Founding the World Wakeboard Association (WWA), a governing body for the sport, Redmon created several contests, where Finn worked as an announcer resulting in the two crossing paths several times.

===1991 Waketech===
Being rivals at first they soon became aware of each other's strengths which led to the establishment of their own firm, Waketech, with the help of an investor.
In 1993 Waketech produced the Flight 69, the first twin-tip board with a symmetrical design, an innovation on the wakeboard market allowing riders to ride with either their left or right foot forward. Hence the new design was superior to the one pointed tip boards resulting in their team riders claiming titles at a wakeboard contest.
In spite of their influence changing the sport of wakeboarding, Tony Finn and Jimmy Redmon had to deal with a setback. They had trouble with their investor and the two faced the end of Waketech.

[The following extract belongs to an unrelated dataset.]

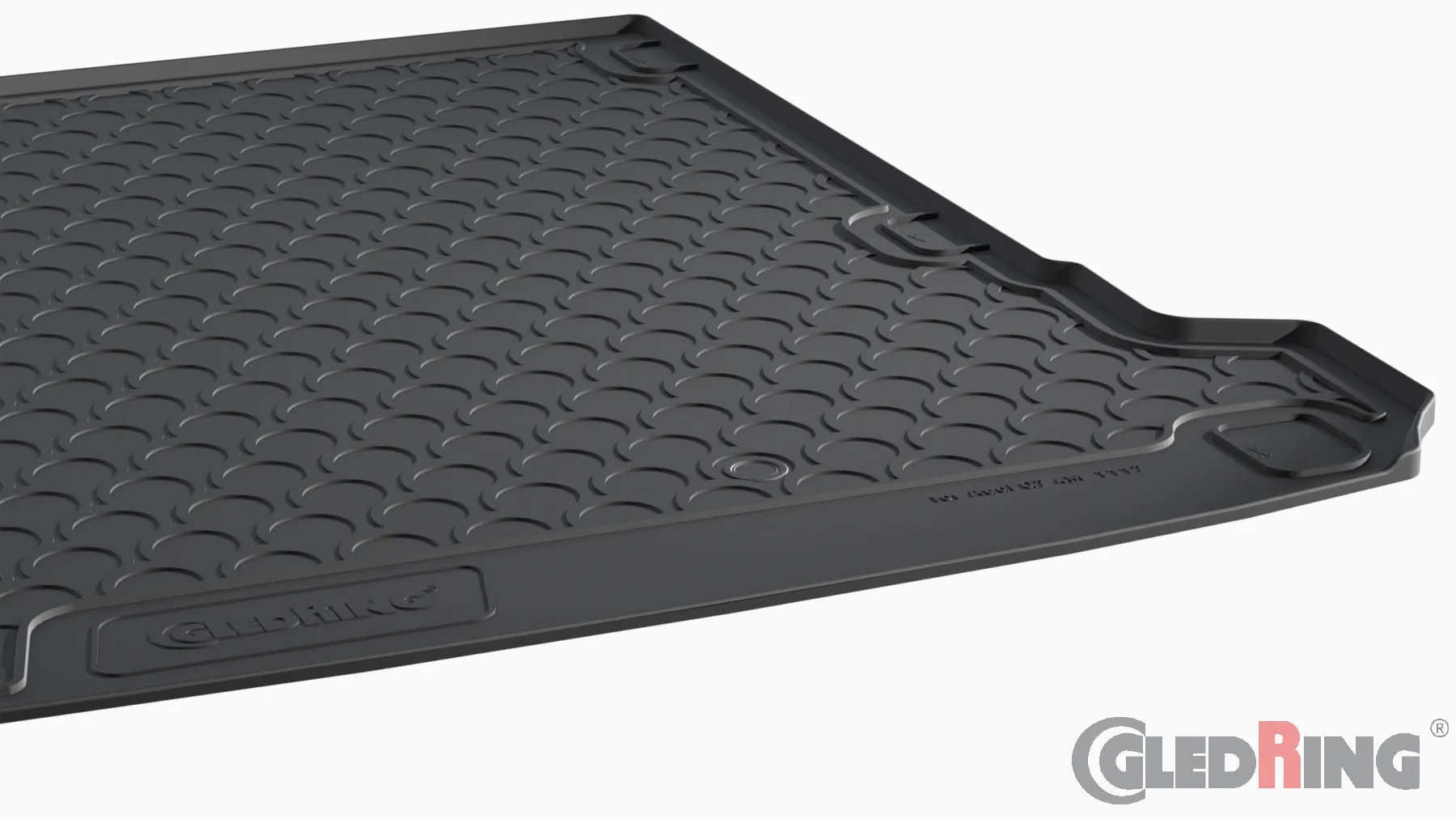 GledringUSA Custom Fit Cargo Mat For Audi Q7 "with 3rd row" (4M) 2016-2024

===1995 - present Liquid Force===
In 1995 three weeks before the World Championships Finn and Redmon founded a new firm called Liquid Force. Just in time for the Championships the two were able to present their new brand for the first time to the public by providing their team riders with Liquid Force Wakeboards and outfits . The company has won the WSIA Manufacturer of the Year award in 2005 and 2008. In 2008 Liquid Force bought Straight Line manufacturer of wakeboard and water ski ropes from the Yoshida Group.

==Sponsorship==
Liquid Force is an active international sports and events sponsor. In order to promote the sport Liquid Force sponsors a variety of initiatives throughout the year for example The Monster Energy Triple Crown and others. Furthermore the company is constantly increasing its team of riders from countries all over the world such as USA, Germany, Argentina and Thailand.

==Wakeboarding team==
1. Anna Nikstad
2. Claudia Pagnini
3. Daniel Grant
4. Felix Georgii
5. Fynn Bullock
6. Guenther Oka
7. Harley Clifford
8. Loic Deschaux
9. Luca Kidd
10. Meagan Ethell
11. Nico Von Lerchenfeld
12. Sam Brown
13. Raph Derome
14. Busty Dunn
15. Euge de Armas
16. Jan Gnerlich
17. Joe Battleday
18. Kai Ditsch
19. Liam Brearley
20. Maryh Rougier
21. Matty Muncey
22. Mikayo Mundy
23. Mike Dowdy
24. Rein Van Der Pas
25. Rivers Hendrick
26. Sanne Meijer
27. Ulf Ditsch

==Wakesurfing team==

1. Bailey Dunn
2. Jake Caster
3. Perry Morrison
4. Tommy Czeschin

==Events==
Besides sponsoring numerous initiatives, Liquid Force has been starting to launch its own events. Its main events are BROstock, BBQ BROdown and the Free For All Cable Tour, which is taking place in several cable park locations in the nation where people can learn to wakeboard for free.